The sober living residence will be operated by a local, faith-based, nonprofit organization.
The project, known as the House of Hope, was approved at the recent Huron County Board of Mental Health and Addiction Services (ADAMhs) meeting.
The board currently funds the Miriam House, which provides transitional housing for women and children. The House of Hope will broaden that scope, providing the community with a men’s recovery home for four to five males in Willard.
The board recently received funding of more than $75,000 from the Ohio Department of Mental Health and Addiction services for recovery housing, ADAMhs Executive Director Beth Williams said. The majority of that funding will be used for House of Hope operation and start-up costs.
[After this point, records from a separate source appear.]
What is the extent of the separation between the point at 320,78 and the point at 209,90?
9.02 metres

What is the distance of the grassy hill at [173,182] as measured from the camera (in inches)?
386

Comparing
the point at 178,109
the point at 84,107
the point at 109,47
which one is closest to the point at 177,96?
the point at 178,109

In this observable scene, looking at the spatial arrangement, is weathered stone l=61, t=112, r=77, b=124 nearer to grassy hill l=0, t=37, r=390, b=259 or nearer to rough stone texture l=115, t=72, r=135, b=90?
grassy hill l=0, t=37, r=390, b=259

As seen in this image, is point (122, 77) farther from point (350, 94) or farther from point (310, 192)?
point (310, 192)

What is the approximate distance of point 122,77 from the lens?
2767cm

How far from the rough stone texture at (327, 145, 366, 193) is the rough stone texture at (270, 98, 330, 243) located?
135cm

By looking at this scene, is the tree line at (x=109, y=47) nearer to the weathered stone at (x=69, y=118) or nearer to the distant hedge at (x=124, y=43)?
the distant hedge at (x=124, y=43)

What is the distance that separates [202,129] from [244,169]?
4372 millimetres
“Environment is essential to recovery,” Williams said. “When a person with addiction begins recovery, it is very difficult to live in the same environment with the same triggers and to stay in recovery.”
The recovery home is set to open near the end of October at 115 Woodbine Ave.
It will be considered a Level II recovery residence, as defined by Ohio Recovery Housing standards. Level II facilities provide residents with support services such as mentoring and drug screening. No clinical treatment or services are provided in-house. Williams said residents will have access to off-premises group support and professional treatment.
In-house operations will be run by Starting Point Outreach Center, a non-profit, faith-based organization in Willard.
In the past, Williams said Starting Point has provided support to local residents and families in times of crisis.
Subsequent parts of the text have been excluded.